US data released on Friday showed consumers cut their monthly spending for the first time in two years during September, evidently bracing for hard times as jobs continue to disappear and credit conditions tighten. The metal has lost as much as 21 percent of its value this month alone, and is down 12 percent this year, well below the record high of $1,030.80 struck in March.
It hit a 13-month low of $680.80 last week after investors sold bullion to pay for margin calls. A recovery in stock markets and firmer oil spurred a rebound in gold this week but technical selling emerged after did not sustain Thursday's high. Oil slipped for a second day, dropping more than 3 percent towards $64 a barrel and is set for its biggest monthly loss as weak US data rekindled demand worries, which, in theory, reduces gold's appeal as a hedge against inflation.
Platinum was trading at $807.50 ounce, after touching an intraday low of $770, down from $817.00 in New York.

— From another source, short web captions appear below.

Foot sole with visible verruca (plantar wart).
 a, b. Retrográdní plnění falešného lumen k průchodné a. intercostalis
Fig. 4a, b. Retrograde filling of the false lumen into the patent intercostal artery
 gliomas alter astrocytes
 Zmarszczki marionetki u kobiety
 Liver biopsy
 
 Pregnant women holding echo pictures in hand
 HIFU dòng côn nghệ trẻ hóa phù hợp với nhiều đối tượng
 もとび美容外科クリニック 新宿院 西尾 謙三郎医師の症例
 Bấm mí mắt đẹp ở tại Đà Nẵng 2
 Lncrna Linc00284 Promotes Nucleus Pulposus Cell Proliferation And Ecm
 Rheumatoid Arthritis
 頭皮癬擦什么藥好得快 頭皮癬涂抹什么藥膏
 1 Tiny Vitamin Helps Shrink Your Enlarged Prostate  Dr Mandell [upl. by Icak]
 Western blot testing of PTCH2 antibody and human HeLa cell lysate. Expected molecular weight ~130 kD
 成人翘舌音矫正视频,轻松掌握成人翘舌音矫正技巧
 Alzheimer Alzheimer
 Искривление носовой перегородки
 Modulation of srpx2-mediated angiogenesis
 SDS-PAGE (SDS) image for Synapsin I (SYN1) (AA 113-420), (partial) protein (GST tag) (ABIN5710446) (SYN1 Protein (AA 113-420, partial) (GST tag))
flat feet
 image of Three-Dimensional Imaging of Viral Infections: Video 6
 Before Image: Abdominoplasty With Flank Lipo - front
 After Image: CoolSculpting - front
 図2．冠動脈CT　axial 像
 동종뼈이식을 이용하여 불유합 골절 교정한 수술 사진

It has lost more than 60 percent of its value since hitting a lifetime high of $2,290 in March, mainly due to worries about falling demand for autocatalysts.
As the strong yen forced Japanese carmakers Mazda and Mitsubishi to slash full-year targets, struggling US automakers were looking to obtain billions from the US government to help them to survive. New York gold futures fell $8.4 an ounce to $730.9. Palladium was at $193.00 from $197.00, while spot silver was bucking the falling trend at $9.85 compared to Thursday's $9.66 late in New York.